When are flag manifolds compact? This is a question from Lee's book on Smooth Manifolds, question 21-16:

Let $F_K(V)$ be the set of flags of type $K$ in a finite-dimensional (real) vector space $V$. Show that $GL(V)$ acts transitively on $F_K(V)$, and that the isotropy group of a particular flag is a closed subgroup of $GL(V)$, and conclude that $F_K(V)$ has a unique smooth manifold structure such that the action is smooth. What is the dimension of $F_K(V)$? For which $K$ is $F_K(V)$ compact?

I am not sure how to do compactness.
 A: I read from Lee - Introduction to Smooth Manifolds, example 7.23, by flag of type $K$ of a finite dimensional real vector space $\mathbb{V}$ of dimension $n\in\mathbb{N}$ one means
\begin{gather}
0<k_1<k_2<\dots<k_m\leq n,\,K=(k_1,\dots,k_m),\\
F\equiv\{\underline0\}<\mathbb{V}_1<\mathbb{V}_2<\dots<\mathbb{V}_m\leq\mathbb{V},\,\forall i\in\{1,\dots,m\},\,\dim\mathbb{V}_i=k_i,\,dim\mathbb{V}_{i\displaystyle/\mathbb{V}_{i-1}}=d_i,
\end{gather}
and the set of all flags of $\mathbb{V}$ of type $K$ is denoted by $F_K(\mathbb{V})$.

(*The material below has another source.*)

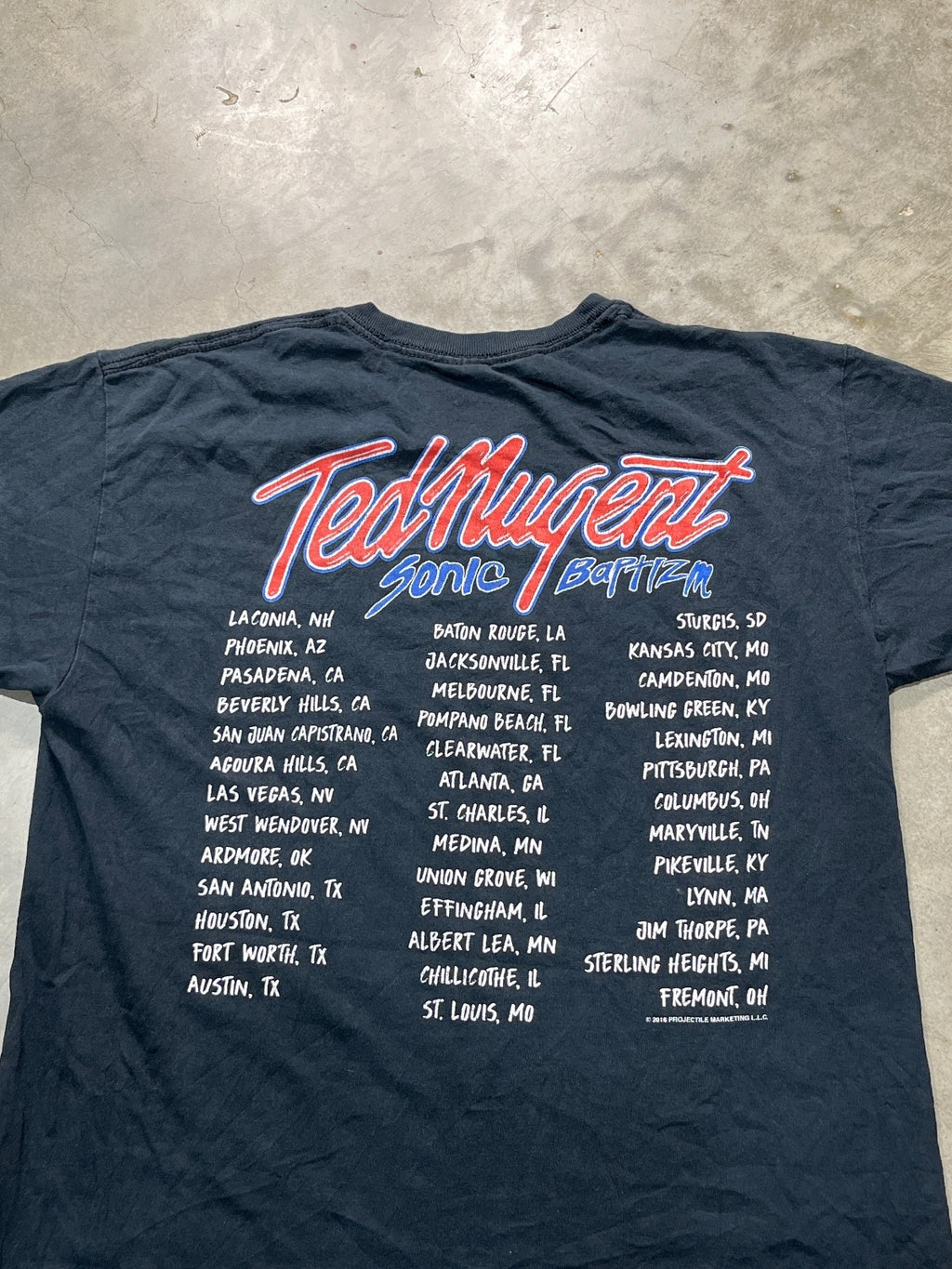 Ted Nugent Preowned Medium T-shirt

Let $\{e_1\dots,e_n\}$ be a basis of $\mathbb{V}$, defined:
$$
\forall i\in\{1,\dots,m\},\,\mathbb{V}_i=\langle e_1,\dots,e_{k_i}\rangle;
$$
one has $\forall M\in\mathrm{GL}(n,\,\mathbb{R}),i\in\{1,\dots,m\},\,M\cdot\mathbb{V}_i=\langle M\cdot e_1,\dots,M\cdot e_{k_i}\rangle$ are well defined subspaces of $\mathbb{V}$; in particular, the flag
$$
F_K(\mathbb{V})\ni M\cdot F\equiv\mathbb{V}_0< M\cdot\mathbb{V}_1<\dots<M\cdot\mathbb{V}_m\leq\mathbb{V}
$$
is well defined.
Defined the action
$$
\alpha:(M,F)\in\mathrm{GL}(n,\mathbb{R})\times F_K(\mathbb{V})\to M\cdot F\in F_K(\mathbb{V});
$$
one proves (easily) that $\alpha$ is a transitive action and $F_K(\mathbb{V})$ is in bijection with
$$
\mathrm{GL}(n,\mathbb{R})_{\displaystyle/P(d_1,\dots,d_m)},
$$
where $P(d_1,\dots,d_m)$ is the (closed) subgroup of $\mathrm{GL}(n,\mathbb{R})$ generated by the matrices of the following type
$$
\forall i\leq j\in\{1,\dots,m\},\,A_i^j\in\mathbb{R}_{d_i}^{d_j},\,\begin{pmatrix}
A_1^1 & A_1^2 & \dots & A_1^r\\
\underline{0}_{d_2}^{d_1} & A_2^2 & \dots & A_2^m\\
\vdots & \ddots & \ddots & \vdots\\
\underline{0}_{d_m}^{d^1} & \underline{0}_{d_m}^{d_2} & \dots & A_m^m
\end{pmatrix}.
$$
In particular, one can restrict the focus on the isometries of $\mathbb{V}$, that is one considers the action
$$
\widetilde{\alpha}:(M,F)\in\mathrm{O}(n,\mathbb{R})\times F_K(\mathbb{V})\to M\cdot F\in F_K(\mathbb{V})
$$
and as for $\alpha$, one proves that $\widetilde{\alpha}$ is a transitive action and therefore $F_K(\mathbb{V})$ is in bijection with
$
\mathrm{O}(n,\mathbb{R})_{\displaystyle/\mathrm{O}(d_1,\mathbb{R})\times\dots\mathrm{O}(d_m,\mathbb{R})}$; since $\mathrm{O}(n,\mathbb{R})$ is a compact manifold, and a quotient space of a compact space is compact: $F_K(\mathbb{V})$ is a compact manifold.